What does success look like?

  • Slim CI pipeline that runs and tests only the models that have changed and their downstream models in your pull requests
  • Automated Datafold data diffs in your pull requests if you have a Datafold account
  • Automated deployment of changed dbt models to production and their downstream models when pull requests merge into the main production branch
  • Automated staging schema cleanup after a pull request is closed so you don't have schema clutter
  • You get that sweet sense of satisfaction automating your high quality work

Getting Started

This guide is self-contained and can run from scratch. Once you get the hang of it, you can repeat the steps for your own dbt project. For those that don't have permissions to configure AWS S3, you can still run the CI pipeline and see the results in your pull requests. You just won't be able to utilize Slim CI. During the VHOL, I'll walk you through how to ignore the AWS S3 setup and still get the most out of your CI pipeline.

  1. Fork and clone this repo locally to your computer. Search the entire repo for TODO and replace with your own values
  2. Setup your S3 bucket for Slim CI: Video Tutorial
# setup your virtual environment
python3 -m venv venv
source venv/bin/activate
pip install -r requirements.txt
source venv/bin/activate 
AWS IAM Policy Code Snippet
{
  "Version": "2012-10-17",
  "Statement": [
      {
          "Sid": "ListObjectsInBucket",
          "Effect": "Allow",
          "Action": ["s3:ListBucket"],
          "Resource": ["arn:aws:s3:::vhol-datafold-dbt-prod-manifest"] # TODO: replace with your own bucket name
      },
      {
          "Sid": "AllObjectActions",
          "Effect": "Allow",
          "Action": "s3:*Object",
          "Resource": ["arn:aws:s3:::vhol-datafold-dbt-prod-manifest/*"] # TODO: replace with your own bucket name
      }
  ]
}

This is an Amazon Web Services (AWS) Identity and Access Management (IAM) policy. IAM policies define permissions for action on resources. In your context, specifically:

  1. "ListObjectsInBucket" - This statement permits the involved IAM identity (User, Group, or Role) the action s3:ListBucket which means they can list the objects in the specified S3 bucket - "vhol-datafold-dbt-prod-manifest".
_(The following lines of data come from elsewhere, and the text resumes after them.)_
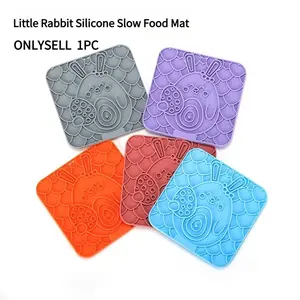 Silicone suction cup pet licking pad with rabbit pattern anti choking, slow eating, stress relieving, Christmas tree style cat and dog universal licking plate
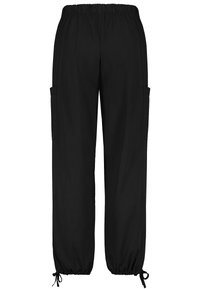 Schwarze elastische Hose mit Kordelzug an den Bündchen, ausgestattet mit zwei Seitentaschen, aus glattem Stoff mit lockerer Passform und geradem Bein-Design.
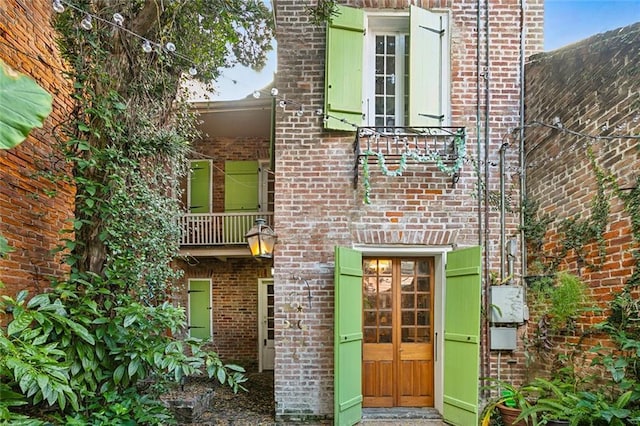 826 Bourbon St Unit B, New Orleans, LA 70116 - rear view of property featuring brick siding
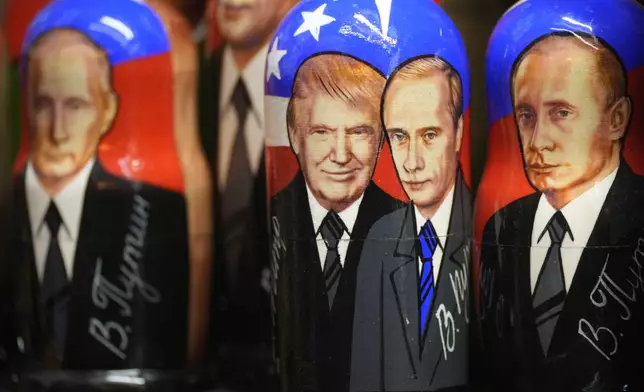 Traditional Russian wooden dolls, called Matryoshka, depicting Republican presidential nominee an former US President Donald Trump, center left, and Russian President Vladimir Putin are displayed for sale at a souvenir shop in St. Petersburg, Russia, Tuesday, Nov. 5, 2024. (AP Photo/Dmitri Lovetsky)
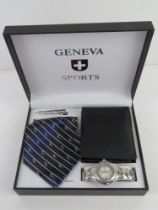A Geneva Sports stainless steel wristwatch gift set in box with tie,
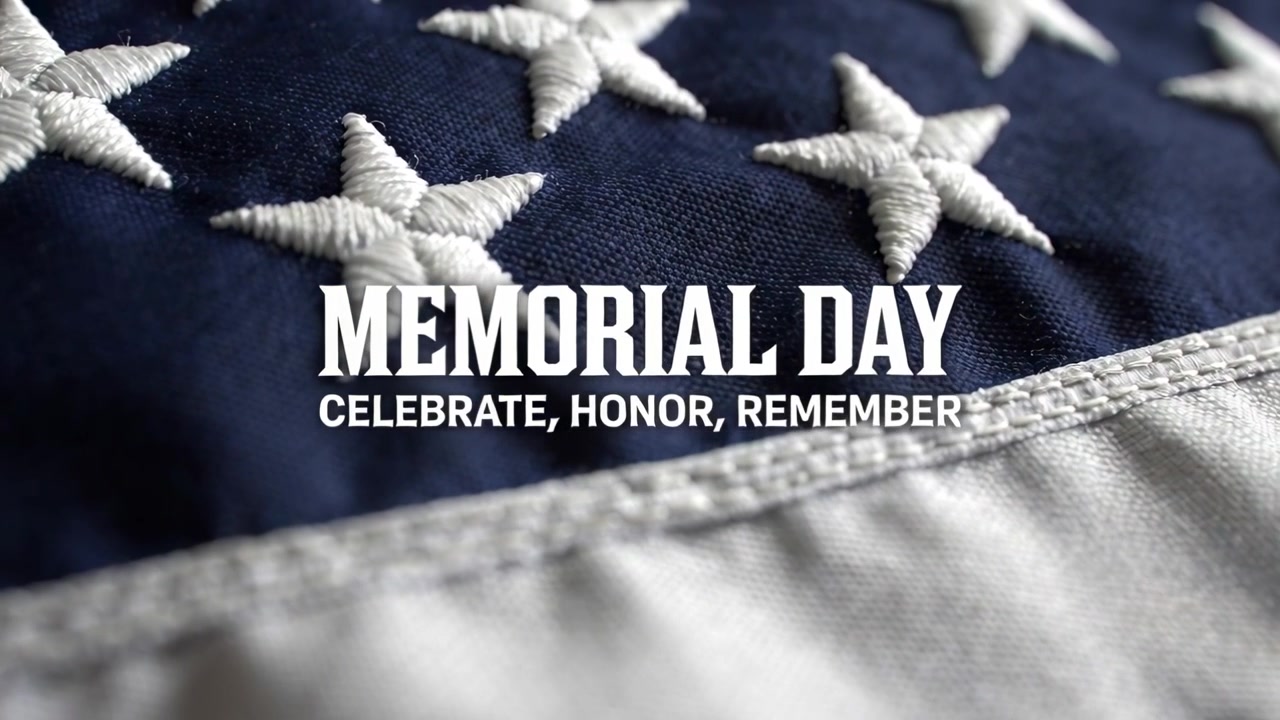Obiettivo che mette a fuoco rivelando stelle cucite su una bandiera USA in primo piano, evidenziando il testo MEMORIAL DAY.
  2. "AllObjectActions" - This statement allows the IAM identity to perform all operations (s3:*Object) that apply to objects within the S3 bucket "vhol-datafold-dbt-prod-manifest". This could include actions like s3:GetObject, s3:PutObject, s3:DeleteObject etc.

These permissions are only for the specified S3 bucket (arn:aws:s3:::vhol-datafold-dbt-prod-manifest and arn:aws:s3:::vhol-datafold-dbt-prod-manifest/*). Any other buckets and resources are unaffected by this policy.

Please replace the placeholder with your own bucket name for the policy to work as intended.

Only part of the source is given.